The third dashboard which has been created consists of four charts: Budget Cost of Goods Plotted against Products, Budget Margin Plotted against Products, Budget Profit Plotted against Products and Budget Sales Plotted against Products. The charts have been selected to show the forecasting of the company with respect to the products. This means that the company is determining for the future the amount of sale they will be producing for the products they produce. The charts have been designed with the help of column chart, area chart, heat map and Gantt chart. The process of understanding heat map is with the help of the saturation of colour in the boxes on the map. The darkest boxes are colour in this way due to the fact that they have the highest amount of value. The boxes are coloured in a single hue with the variation in the saturation of the colour. From the first chart it can be determined that the Columbian coffee will be the top most priority for the company’s future in terms of making the cost of the product. Alongside this the regular espresso has been found to contribute the least in the prediction for the cost of goods category. For the budget margin chart it can be again seen that that the Columbian coffee has the highest value and the regular espresso with the least value. A similar trend is also seen in the budget profit for the products in case of Columbian coffee. However the least in this case is green tea which is similar to the previously found profit which was the lowest for green tea.
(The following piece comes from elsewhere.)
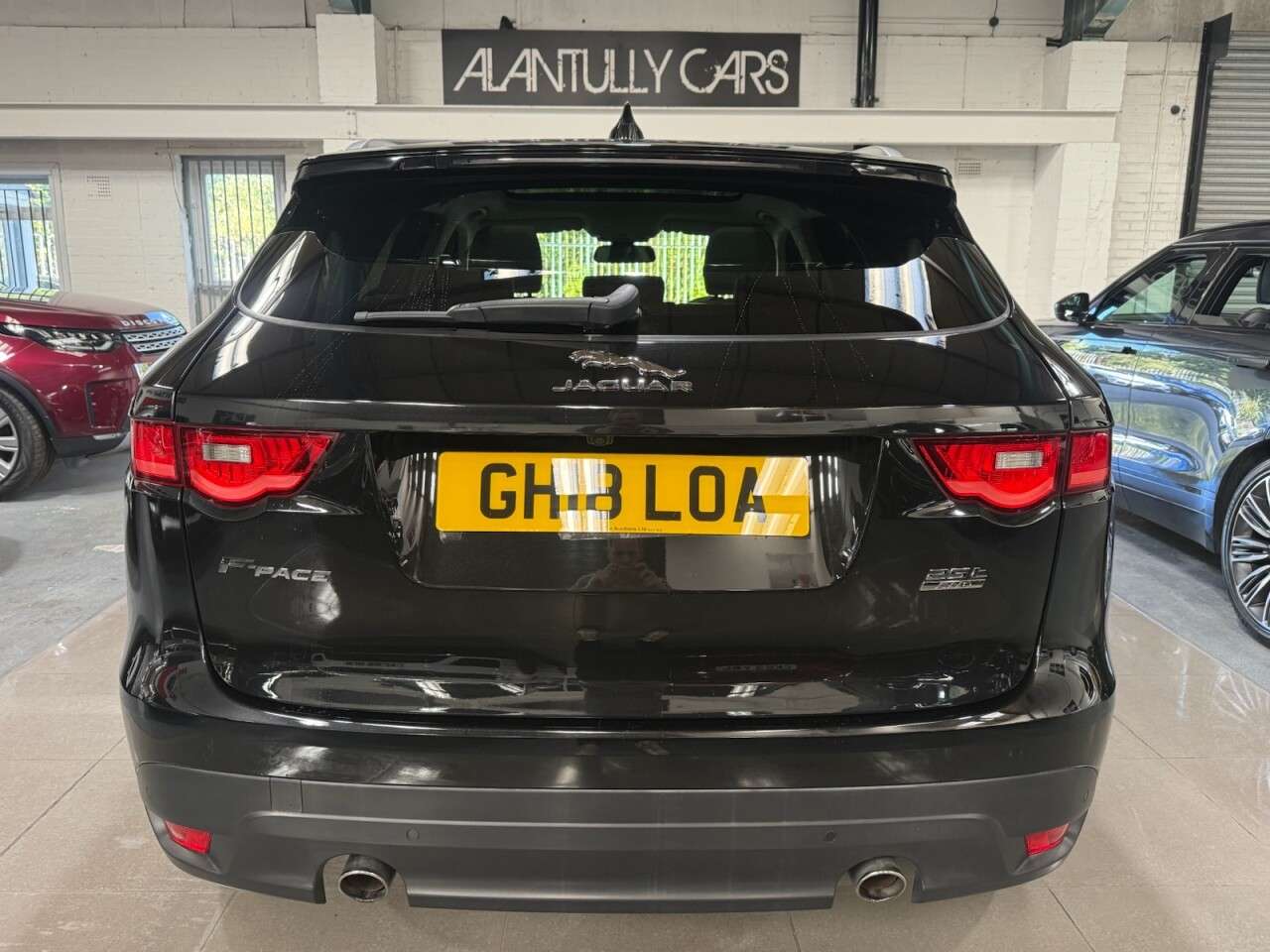A 2018 JAGUAR F-PACE 2.0 P250i Portfolio SUV 5dr Petrol Auto AWD Euro 6 (s/s) (250 ps) A 2018 JAGUAR F-PACE 2.0 P250i Portfolio SUV 5dr Petrol Auto AWD Euro 6 (s/s) (250 ps)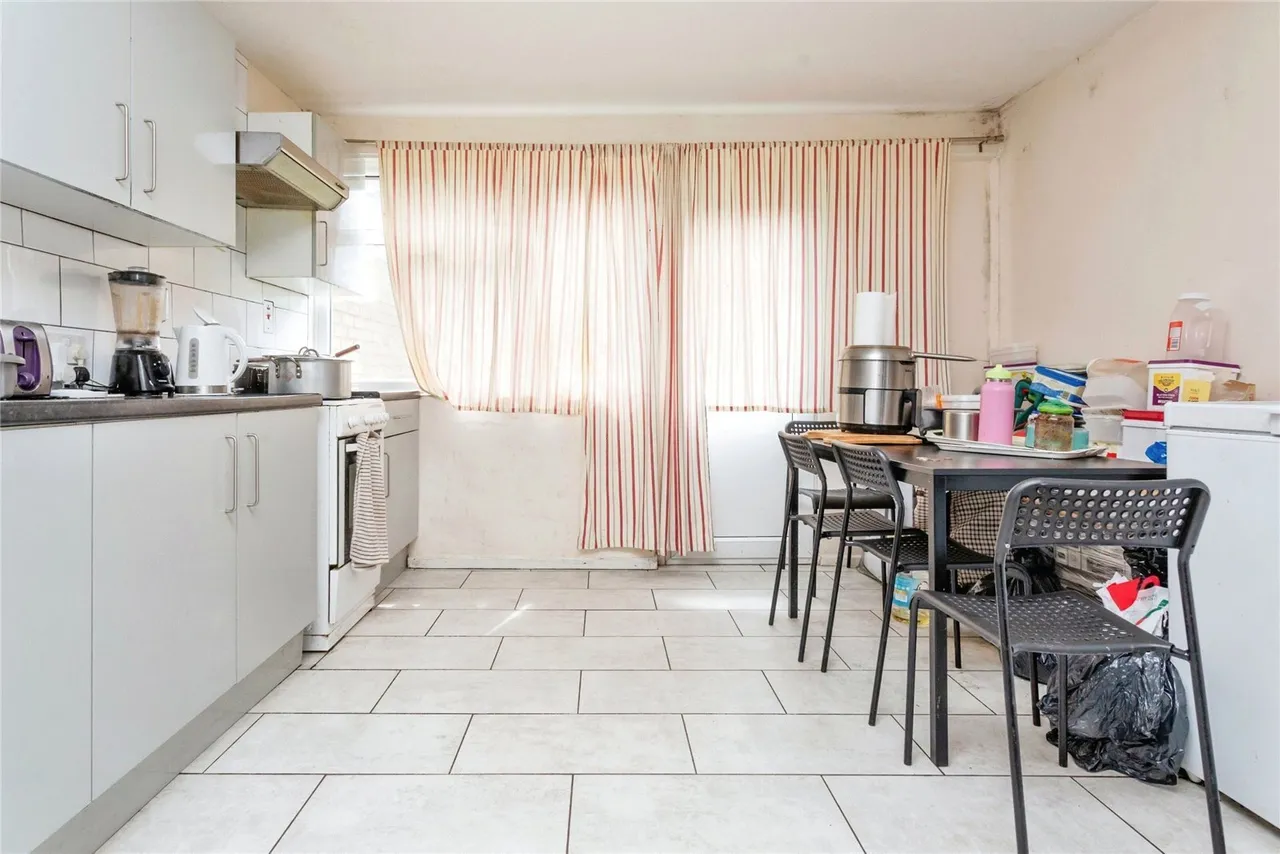 Penryn Avenue, Fishermead, Milton Keynes, Buckinghamshire, MK6, photo 6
Again the previous trend returns in case of the fourth chart od Columbian coffee at the highest and the regular espresso at the lowest pit of the chart in case of plotting of the predicted sales for  the products. This similar following of the trend shows that the company has a determined mind set which is to follow the product trend in this chart and make the best profit possible form the market conditions.

The fourth dashboard consists of the graphs depicting Budget Cost of Goods Plotted against Locations, Budget Margin of Goods Plotted against Locations, Budget Profit of Goods Plotted against Locations and Budget Sales of Goods Plotted against Locations. This dashboard has been developed following a unique rule of plotting the data on a geographic map which makes the visualization interactive in nature. As the states which has been used in the data set is from the United States of America, the dashboard is showing the chart for location of United States of America only. The colouring trend is similar to that of the heat map. A single hue of colour is used in the map sections and the saturation of the colour is based on the values of the locations which is being plotted. For the first chart it can be seen that the state of California has the highest budget for the cost of goods. The location being tropic and a coastal area in nature the goods required for the production of the products require a large amount of investment. Other than that the states in the middle of the country is seen to be having a medium hue suggesting that they have lower amount to be incurred for the cost of goods. In the next chart it can be again seen that the state of California has the highest amount of margin of goods cost for the production line. The lowest can be seen to be in the state of New Mexico. The third chart being a heat map shows the profit of the goods and products on the states to be the highest in Illinois. California closely follows the state of Illinois. Again the lowest producer of the profit margin is the state of New Mexico. The last chart is of a geographic chart which shows the prediction of the sale of the goods and the products in the locations. The darkest of the colour seems to be in California and the lightest in New Mexico. The similar trend in the budget prediction in the countries shows the integrity that is followed in doing a business.